# WORK TASK
Although the records contain pictures, the copy must not; reproduce everything else in them exactly.

# DATA FOR PROCESSING

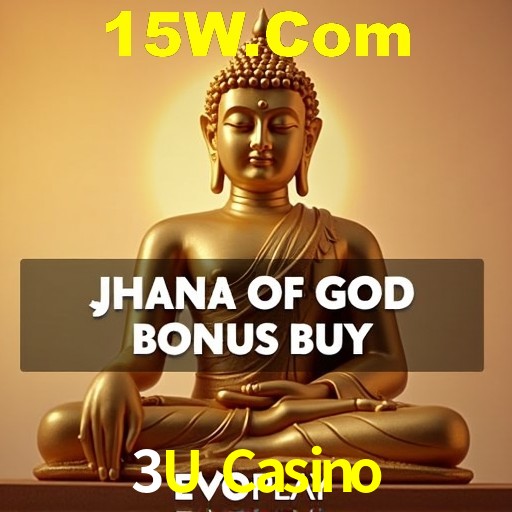 Jogos Exclusivos 3U Casino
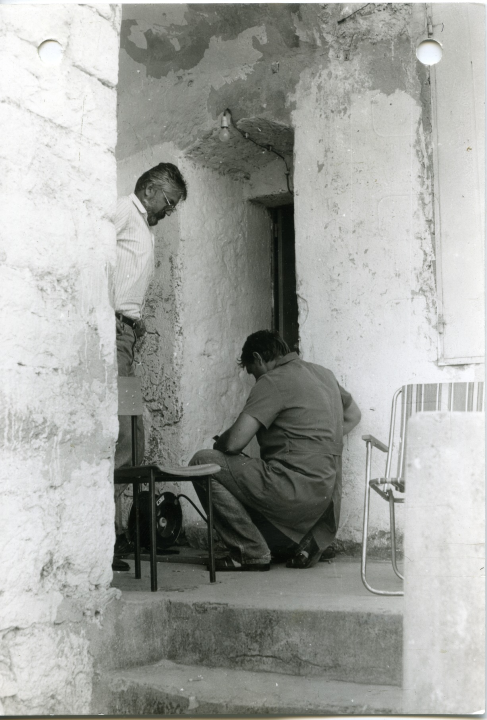 Točno je 50 godina od prvih arheoloških istraživanja na Tvrđavi sv. Mihovila: Pronađeni nalazi iz oko tisuću godina prije nove ere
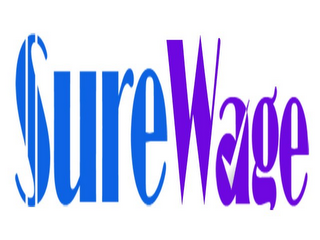 SUREWAGE logo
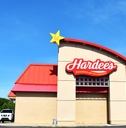 Hardee's Fast Food Restaurant Chadbourn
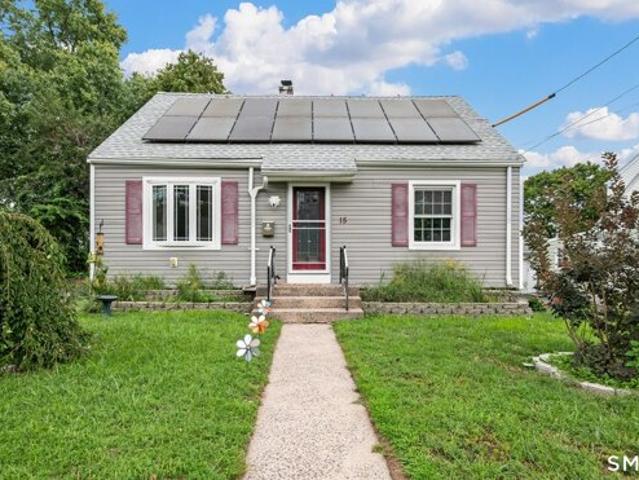Fenway Dr, Hamden, Home For Sale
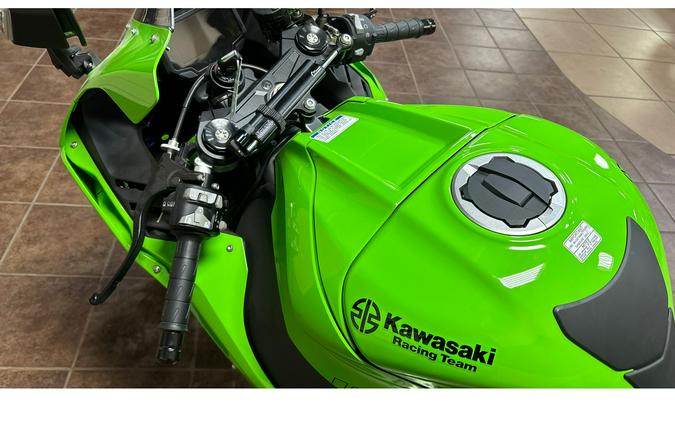 2024 Ninja ZX-10RR ABS Base - Kawasaki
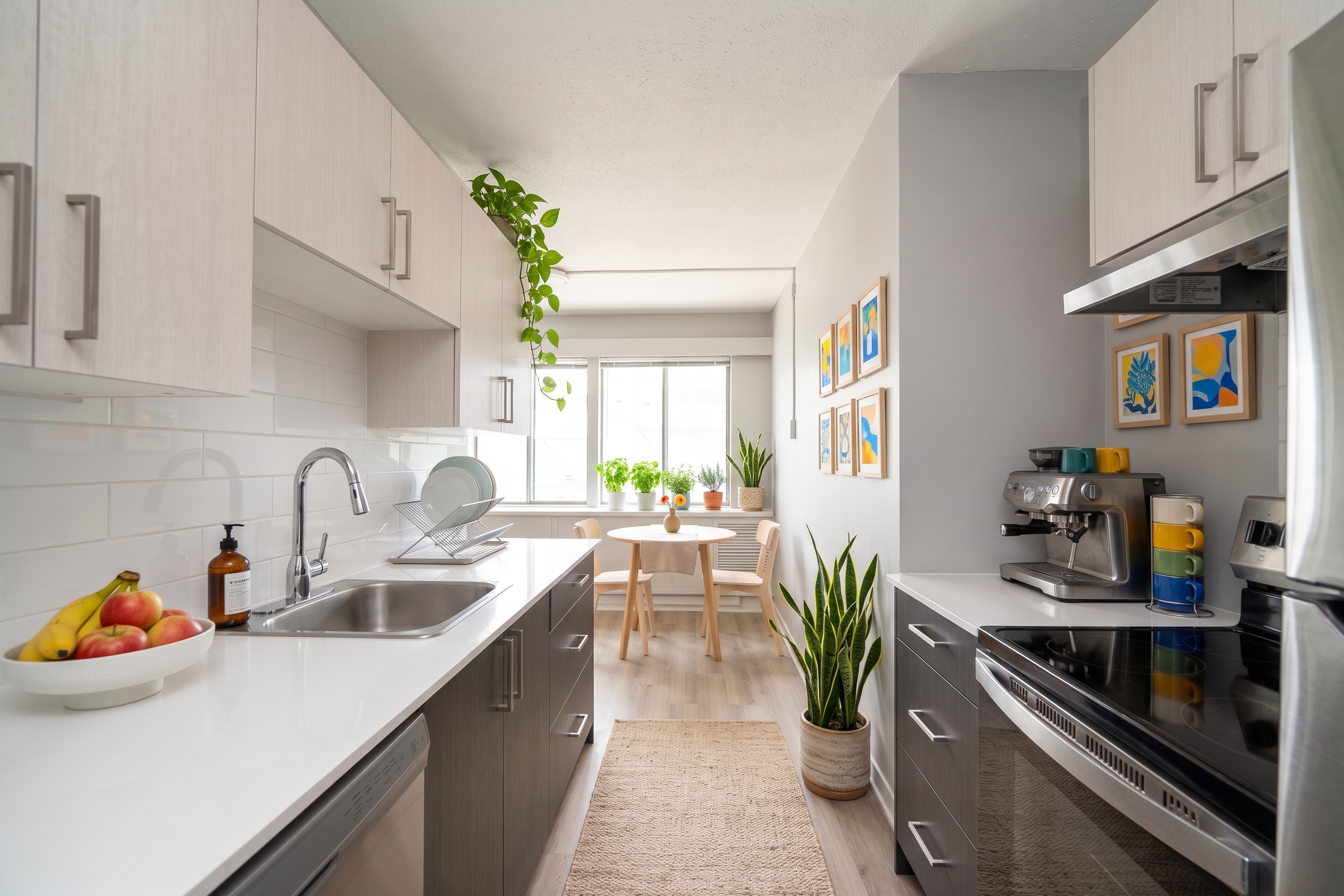 2345 Portage Ave - 2 Bedroom 4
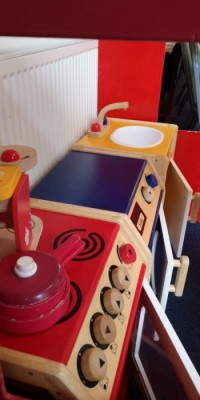 Dorchester Baptist Church image from Kids  Co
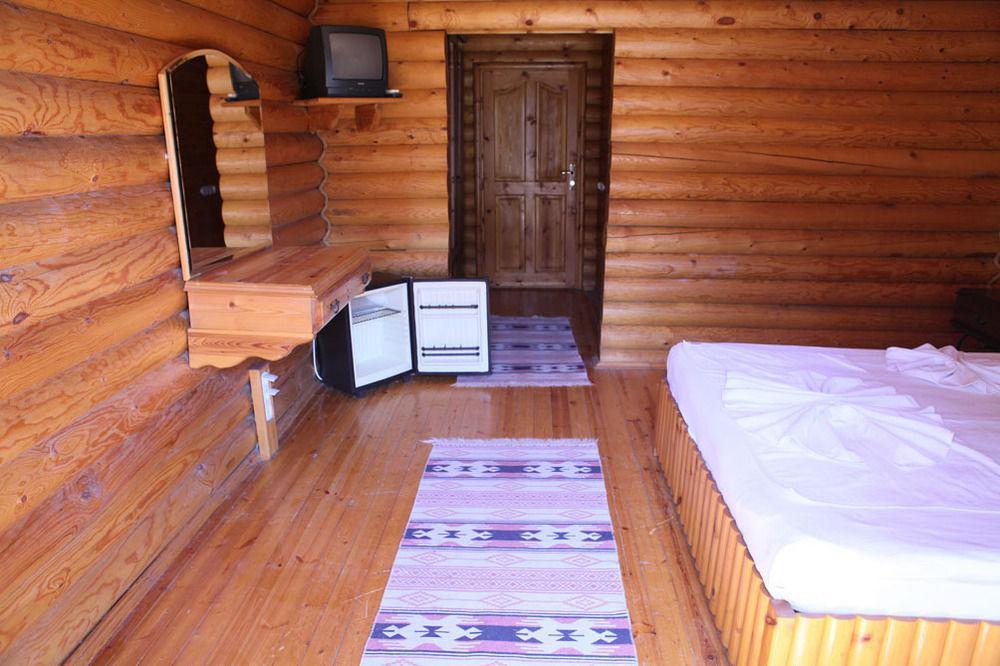 Woodline Hotel Goynuk  Exterior foto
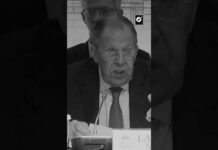 Rusia confirma participación británica en Ucrania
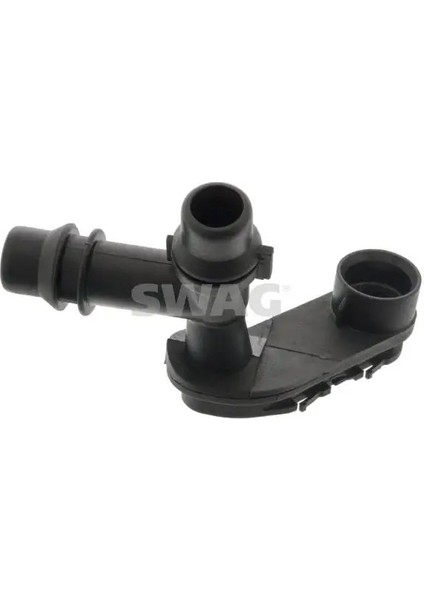 20947745 Su Flansi 17107500745 17111438820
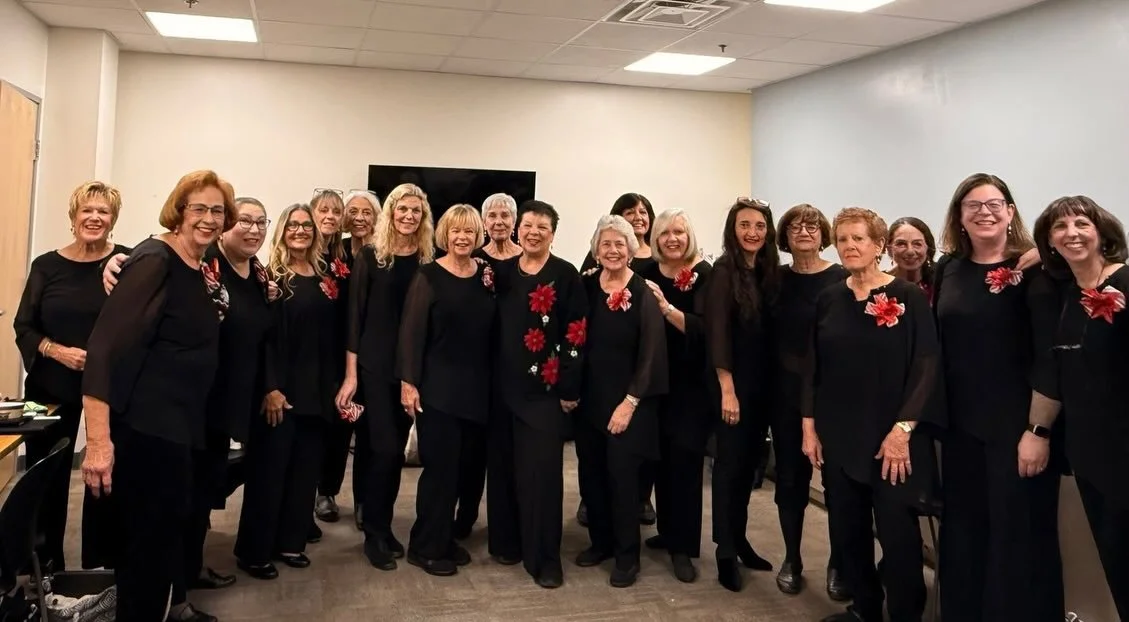 North County Melody Makers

# EXPECTED ANSWER
 Jogos Exclusivos 3U Casino
 Točno je 50 godina od prvih arheoloških istraživanja na Tvrđavi sv. Mihovila: Pronađeni nalazi iz oko tisuću godina prije nove ere
 SUREWAGE logo
 Hardee's Fast Food Restaurant Chadbourn
Fenway Dr, Hamden, Home For Sale
 2024 Ninja ZX-10RR ABS Base - Kawasaki
 2345 Portage Ave - 2 Bedroom 4
 Dorchester Baptist Church image from Kids  Co
 Woodline Hotel Goynuk  Exterior foto
 Rusia confirma participación británica en Ucrania
 20947745 Su Flansi 17107500745 17111438820
 North County Melody Makers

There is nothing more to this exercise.